** Problem description **
Output each line of the data word for word, from the first through the line that holds "Litchi Läder Brun", and leave off whatever follows.

** Data to use **
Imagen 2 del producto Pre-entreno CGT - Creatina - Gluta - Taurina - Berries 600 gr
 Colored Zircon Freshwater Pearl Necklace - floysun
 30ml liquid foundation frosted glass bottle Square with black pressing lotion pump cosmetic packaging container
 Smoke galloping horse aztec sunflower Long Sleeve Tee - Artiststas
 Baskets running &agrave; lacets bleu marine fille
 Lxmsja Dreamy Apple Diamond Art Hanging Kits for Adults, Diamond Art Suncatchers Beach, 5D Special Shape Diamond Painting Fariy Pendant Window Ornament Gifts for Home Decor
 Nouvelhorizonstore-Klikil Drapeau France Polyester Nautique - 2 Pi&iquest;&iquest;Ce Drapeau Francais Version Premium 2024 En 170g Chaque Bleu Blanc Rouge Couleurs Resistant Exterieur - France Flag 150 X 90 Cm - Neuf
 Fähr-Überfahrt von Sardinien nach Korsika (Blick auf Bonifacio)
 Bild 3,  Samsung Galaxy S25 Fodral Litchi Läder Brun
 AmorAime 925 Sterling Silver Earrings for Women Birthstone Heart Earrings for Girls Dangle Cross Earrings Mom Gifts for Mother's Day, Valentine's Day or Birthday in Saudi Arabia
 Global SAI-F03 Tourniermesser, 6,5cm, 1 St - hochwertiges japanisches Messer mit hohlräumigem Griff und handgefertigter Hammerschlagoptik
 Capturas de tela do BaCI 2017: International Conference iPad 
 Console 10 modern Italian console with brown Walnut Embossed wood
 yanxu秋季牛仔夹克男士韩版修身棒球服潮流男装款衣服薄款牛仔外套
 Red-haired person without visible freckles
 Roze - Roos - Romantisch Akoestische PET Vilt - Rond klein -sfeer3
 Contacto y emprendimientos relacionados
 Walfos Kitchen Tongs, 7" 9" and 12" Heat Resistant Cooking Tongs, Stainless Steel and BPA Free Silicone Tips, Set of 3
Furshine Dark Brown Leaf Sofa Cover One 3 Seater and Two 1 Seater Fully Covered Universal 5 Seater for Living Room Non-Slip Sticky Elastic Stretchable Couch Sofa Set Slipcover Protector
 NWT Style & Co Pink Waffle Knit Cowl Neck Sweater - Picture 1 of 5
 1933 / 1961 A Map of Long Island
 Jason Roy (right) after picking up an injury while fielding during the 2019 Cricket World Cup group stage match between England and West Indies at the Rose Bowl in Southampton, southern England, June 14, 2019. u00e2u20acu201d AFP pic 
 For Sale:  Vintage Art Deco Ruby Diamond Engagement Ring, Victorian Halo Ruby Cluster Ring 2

** Output of the exercise **
Imagen 2 del producto Pre-entreno CGT - Creatina - Gluta - Taurina - Berries 600 gr
 Colored Zircon Freshwater Pearl Necklace - floysun
 30ml liquid foundation frosted glass bottle Square with black pressing lotion pump cosmetic packaging container
 Smoke galloping horse aztec sunflower Long Sleeve Tee - Artiststas
 Baskets running &agrave; lacets bleu marine fille
 Lxmsja Dreamy Apple Diamond Art Hanging Kits for Adults, Diamond Art Suncatchers Beach, 5D Special Shape Diamond Painting Fariy Pendant Window Ornament Gifts for Home Decor
 Nouvelhorizonstore-Klikil Drapeau France Polyester Nautique - 2 Pi&iquest;&iquest;Ce Drapeau Francais Version Premium 2024 En 170g Chaque Bleu Blanc Rouge Couleurs Resistant Exterieur - France Flag 150 X 90 Cm - Neuf
 Fähr-Überfahrt von Sardinien nach Korsika (Blick auf Bonifacio)
 Bild 3,  Samsung Galaxy S25 Fodral Litchi Läder Brun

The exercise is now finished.